Neil Cameron
- Birth name: Neil William Cameron
- Date of birth: 2 September 1925
- Place of birth: Carlisle, England
- Date of death: c. 2 September 1978 (aged 53)
- Place of death: Penrith, England
- University: Glasgow University

Rugby union career
- Position(s): Fullback

Amateur team(s)
- Years: Team / Apps / (Points)
- –: Glasgow University /  / ()

Provincial / State sides
- Years: Team / Apps / (Points)
- -: Glasgow District /  / ()

International career
- Years: Team / Apps / (Points)
- 1952: Scotland / 3 / (2)

= Neil Cameron (rugby union) =

Scotland international rugby union player

Neil Cameron (2 September 1929 – September 1978) was a Scotland international rugby union footballer, who played as a fullback.

==Rugby union career==

===Amateur career===

Cameron played for Glasgow University.

===Provincial career===

Cameron played for Glasgow District against Edinburgh District in the 1952–53 Inter-City match.
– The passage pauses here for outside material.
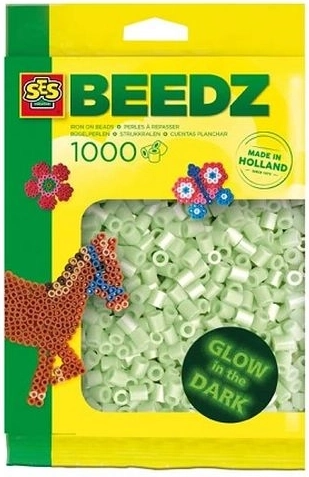 SES Creative perles à repasser 1000 pcs – couleurs claires et foncées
Glasgow won the match 14 – 13, Cameron kicking penalties and a conversion to secure Glasgow's win.

===International career===

He was capped for three times in 1952, all of the caps coming in the Five Nations matches.

Cameron battled for the Scotland fullback place with Ian Thomson. Thomson usually won the battle and he secured 7 caps to Cameron's 3 caps.